先月たまたま飛行機が二件重なったせいで、彼女は電車で行きたがっているんだ。
ばかばかしい。リスクが変わったわけじゃない。
あれは、利用可能性バイアスだよ
(『ファスト&スロー(上) あなたの意思はどのように決まるか?』より)


『ファスト&スロー』を読んだ感想、第12回です!

第11回はコチラ:脳に忍び込む「錨」


きょうは『利用可能性ヒューリスティック』という概念について書きます。

本中の表現を借りつつとりあえずの定義をするなら、『事例が思い浮かぶたやすさ』で、『事例が実際に起きている頻度』を判断する事象を指します。

言葉だけだと少しイメージしにくいので、例を挙げると、例えば飛行機事故って『実際に起きている頻度』だけで見ればものすごく少なくて、世界全体で見ると、死亡事故時にあう確率は、約252万フライトに1回だそうです。
(参考:2018年に事故死者が出た航空会社は15社

一方で、地上の交通事故の数で見ると、1年間で約53万件。

1日換算すると、約1,500件の事故が発生している計算になります。
(参考:日本では1分間に1件以上交通事故が発生!?交通事故について調べてみた


もちろん、換算の仕方が違うんので純粋な比較はできないですが、数字だけを見る限り、『飛行機のほうが安全』と言っても差し支えなさそうです。

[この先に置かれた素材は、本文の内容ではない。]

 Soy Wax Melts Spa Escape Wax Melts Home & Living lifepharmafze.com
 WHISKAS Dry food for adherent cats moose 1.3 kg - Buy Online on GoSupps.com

しかし、街頭アンケートみたいなのを取って、『飛行機と車どっちのほうが安全ですか?』と質問すれば、たぶんですけど『車のほうが安全』って答える人のほうが多いと思います。

それは、飛行機が事故を起こしたときには『その珍しさ』と『1回の事故が引き起こす被害の大きさ』が相まって、メディアで大々的に報道されるからです。

ぼくたちにはその時の派手な事故映像が脳裏に焼き付いているので、『実際に起きている頻度』という客観的な数値に基づく答えを求められているはずなのに、『どっちの事故映像のほうが思い出しやすいのか』という主観的な質問に、脳内で(無意識的に)すり替えてしまって、『車の方が安全』と答えてしまいます。

こういった脳内からの記憶の引っ張り出しやすさ(=利用可能性)だけが大きく作用して、(多く間違うこともある)評価を下してしまう現象を、利用可能性ヒューリスティックと言います。


他の身近な例で言えば、例えば複数人でチームを組んでとあるプロジェクトを遂行したとき、終了後に『チームの中でのあなたの貢献度は何%ですか?』と聞いたら、多くの場合で各メンバーの数値は100%を超えるそうです。

これはつまり、メンバーそれぞれが自分の働きを過大評価してるんですが、さっきの利用可能性ヒューリスティックに当てはめればこれはまあ当たり前な話で、他人の仕事ぶりよりも自分のしたことのほうが思い出しやすいのは当然です。

だからチーム内のメンバー全員が『自分はチームに大いに貢献した』と判断しがちになります。


だから、逆に『パッと例が思い浮かばなかった』という感覚を持てば、その実際の頻度を過剰に小さく見積もります。

本中で紹介されていたとある実験では、『あなたが何かを強く主張した例を6個書き出してください』というグループと、『12個書き出してください』というグループを作りました。

すると、自分が何かを主張した例を思い出した数自体は後者のほうが多いのに、その後『あなたは自分がどれくらい自己主張の強い人間だと思いますか?』という質問に対しては、前者の6個書き出した人間のほうが、自分は自己主張が強いと評価したそうです。

これはもう典型的に『客観的な数』よりも『思い出しやすさ』が影響した例ですね。

(今回の実験では、たぶん誰でも5〜6個くらいは、自分がなにかしらを主張した例を簡単に思い出せるけど、12個となるとさすがに後半は思いつかなくて、『こんなに思いつくのが困難ということは、自分は自己主張の弱い人間だ』と評価するということです)


ちなみに、この『思いついた』『思いついてない』という感覚が、その後の判断や評価に影響するためには、『(意外と)思いついた』や『(意外と)思いついてない』という、意外性が大事だとも書かれてありました。

例えば、6個を簡単に思いつけたり、12個自分がなにか強く主張した例を思い出せなかったりしても、事前に『これから流すBGMは記憶能力に作用する』という説明があれば、どういう結果になっても『BGMのせいだ』という理由があるので、思い出しやすさは、その後の自己主張に関する評価には影響しなかったそうです。


ということで、インパクトの強さに引っ張られて、実際の数値的な結果を見誤らないように気をつけたいなという、利用可能性ヒューリスティックについての話でした!